Um dia, tinha apenas vinte anos, transportou-se de Lisboa ao Rio de Janeiro. Para explicar esta viagem, é preciso remontar ao primeiro consulado de César. Este grande homem, assumindo aquela magistratura, teve idéia de fazer publicar os trabalhos do senado romano. Não era ainda a taquigrafia; mas, com boa vontade, boa e muita, podemos achar ali o gérmen deste invento moderno. A taquigrafia trouxe Henrique Chaves ao Rio de Janeiro. Foi essa arte mágica de pôr no papel, integralmente, as idéias e as falas de um orador, que o fez atravessar o oceano, pelos anos de 1869.

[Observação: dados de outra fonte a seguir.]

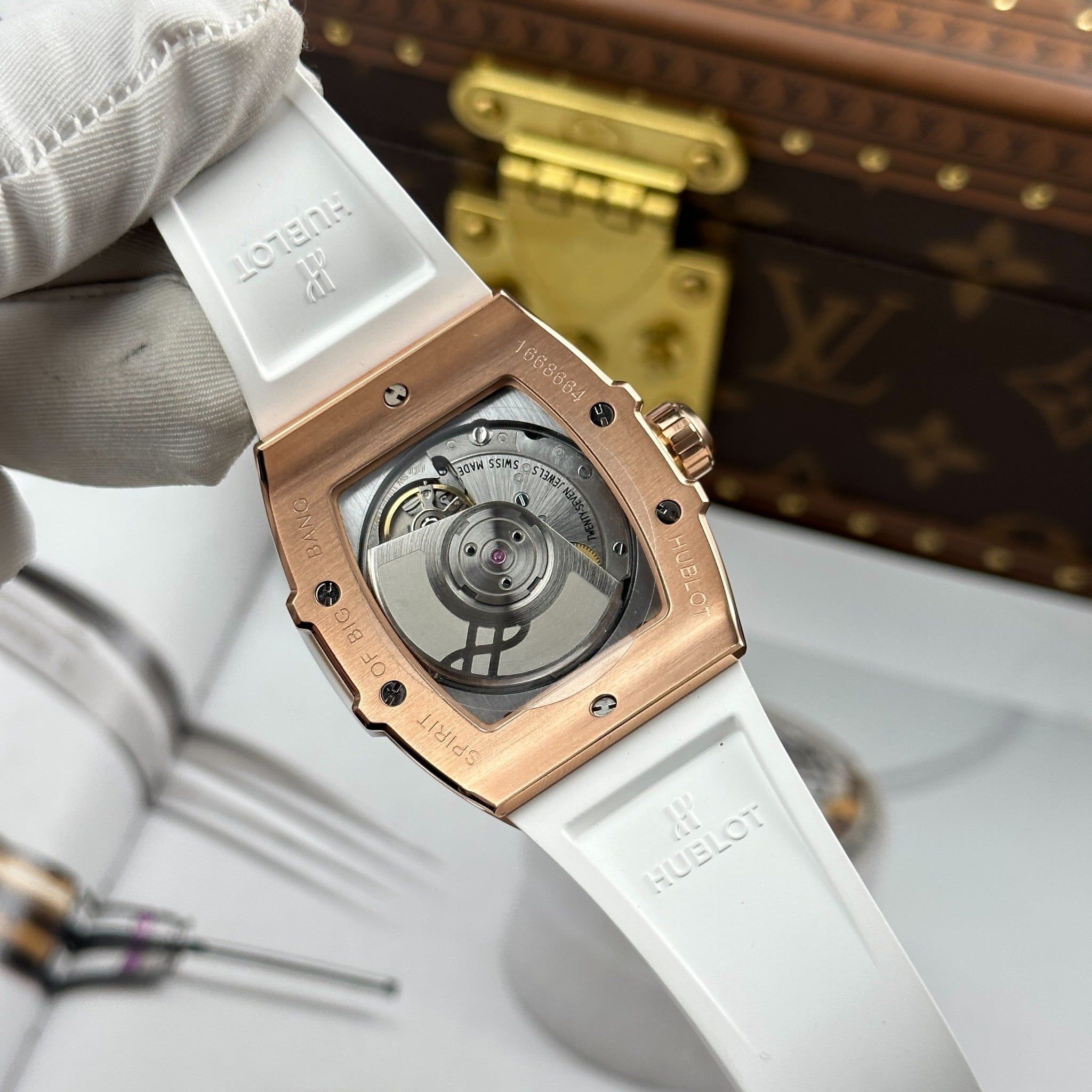 HUBLOT SPIRIT OF BIG BANG 39 MM - Đồng Hồ Hublot - Nam - DHNTT427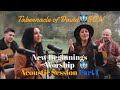 New Beginnings Worship LIVE Tabernacle of David SON Acoustic Blend 2024 (PART 1)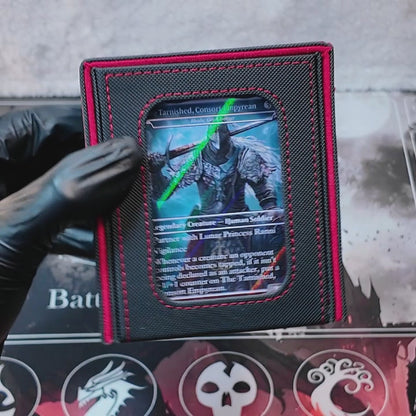 Elden Ring Commander | Dual-Commander Azorius Control Voltron | 100+ Custom Proxy Cards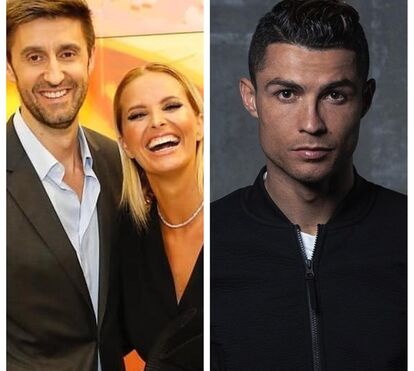 Cristina Ferreira e Daniel Oliveira afastam-se de Ronaldo perante polémica de violação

Refiro-me à taquigrafia política. Ela o pôs em contato com os nossos parlamentares dos últimos vinte anos. Há de haver na vida do taquígrafo parlamentar uma boa parte anedótica, que merecerá só por si a pena de umas memórias. As emendas, bastam as emendas dos discursos, as posturas novas, o trabalho do toucador, as trunfas desfeitas e refeitas, com os grampos de erudição, ou os cabelos apenas alisados, basta só isso para caracterizar o modo de cada orador, e dar-nos perfis interessantes. Um velho taquígrafo contou-me, quase com lágrimas, um caso muito particular. Passou-se há trinta anos. Um senador, orador medíocre, fizera um discurso mais que medíocre, trinta dias antes de acabar a sessão. Recebeu as notas taquigráficas no dia imediato, e só as restituiu três meses depois da sessão acabada. O discurso vinha todo por letra dele, e não havia uma só palavra das proferidas; era outro e pior. Ajuntai a esta parte anedótica aquela outra de psicologia que deve ser a principal, com uma estatística das palavras, um estudo dos oradores cansativos, apesar de pausados, ou por isso mesmo, e dos que não cansam, posto que velozes.

Mas uma coisa é o ganha-pão, outra é a vocação. Henrique Chaves trazia nas veias o sangue do jornalismo. Tem a facilidade, a naturalidade, o gosto e o tato precisos a este ofício tão árduo e tão duro. Pega de um assunto, o primeiro à mão, o preciso, o do dia, e compõe o artigo com aquela presteza e lucidez que a folha diária exige, e com a nota própria da ocasião. Não lhe peçam longos períodos de exposição, nem deduções complicadas. Cai logo in medias res, como a regra clássica dos poemas. As primeiras palavras parecem continuar uma conversação. O leitor acaba supondo ter feito um monólogo.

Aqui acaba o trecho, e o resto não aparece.